● **What is needed**: Using the entries that follow, write out the line containing "Harp of Kings. Juliet Marillier. 2019.", the line containing "Pearhead Clay Pawprint", and every line between them, exactly and nothing else.

Brief descriptive captions

++++++++++++++++++++

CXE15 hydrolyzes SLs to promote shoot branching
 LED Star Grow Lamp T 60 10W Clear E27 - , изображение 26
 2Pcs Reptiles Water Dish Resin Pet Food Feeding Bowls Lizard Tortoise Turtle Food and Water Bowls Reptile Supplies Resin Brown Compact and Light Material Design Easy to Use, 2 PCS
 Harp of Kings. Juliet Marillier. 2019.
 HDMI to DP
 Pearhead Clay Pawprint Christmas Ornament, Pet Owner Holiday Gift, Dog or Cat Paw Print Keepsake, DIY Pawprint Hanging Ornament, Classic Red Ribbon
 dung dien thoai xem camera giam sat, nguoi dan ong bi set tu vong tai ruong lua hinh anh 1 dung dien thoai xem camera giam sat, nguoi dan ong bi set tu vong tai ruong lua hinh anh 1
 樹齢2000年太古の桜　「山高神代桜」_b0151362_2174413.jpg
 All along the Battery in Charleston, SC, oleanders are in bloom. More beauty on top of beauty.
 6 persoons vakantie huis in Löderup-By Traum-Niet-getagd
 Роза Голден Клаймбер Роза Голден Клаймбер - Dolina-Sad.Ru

++++++++++++++++++++

● **Exercise output**:
 Harp of Kings. Juliet Marillier. 2019.
 HDMI to DP
 Pearhead Clay Pawprint Christmas Ornament, Pet Owner Holiday Gift, Dog or Cat Paw Print Keepsake, DIY Pawprint Hanging Ornament, Classic Red Ribbon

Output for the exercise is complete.